Andare a trovare Giacomo

    Non me l’hanno mai chiesto.
    Da quando mio fratello Giacomo non vive più con noi, i miei genitori non mi hanno mai detto di andarlo a trovare.
    Come io non chiedo a loro di farlo.
    Credo sia un tacito accordo per rispettare la nostra angoscia e gioia allo stesso tempo di viverlo.
    Percorro da un po’ ormai quella strada con tanti semafori.
    Ferma alla luce rossa alle volte penso all’incontro con lui, altre volte ho bisogno di riempire la mente dalla musica alta della radio per non ascoltare il dolore.

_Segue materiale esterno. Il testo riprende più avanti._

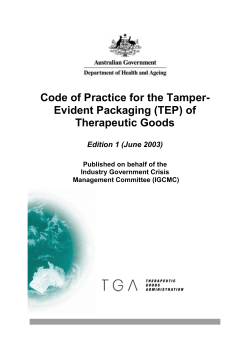 Code of Practice for the Tamper-Evident Packaging (TEP)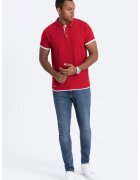 OMBRE Tricou polo din bumbac pique - Rosu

    Lui è sempre lì ad aspettarmi dalla sua carrozzina, con le bavaglie colorate, i calzini per quei piccoli piedini e il cappellino. Qualche volta è appisolato, altre alza subito la testa e mi sorride più presente.
    Poi la passeggiata con il venticello sul viso, le canzoncine, il fargli sentire la nostra voce, lo stare insieme anche in silenzio, i saluti agli altri numerosi ospiti, che si fanno spazio nella nostra vita con le loro particolarità.
    I miei genitori ed io sappiamo quanto può non essere facile andare in quel posto.
    Sappiamo come lì il nostro cuore non può rimanere indifferente a tante condizioni croniche gravi messe insieme, come allo stesso tempo quanto quel luogo rappresenti la misura e il riordino delle nostre emozioni, travolte da una complessa quotidianità.
    Anche il non andarci è faticoso, perché la vicinanza e l’amore per Giacomo sono qualcosa di troppo grande per noi.
    Nel tempo abbiamo compreso che il nostro amore per lui non è misurato dal numero di visite annue.
    Così ci piace lasciarci liberi. Liberi di rispettare il nostro tempo.
    Liberi di amare noi stessi, amarci tra di noi e amare Giacomo.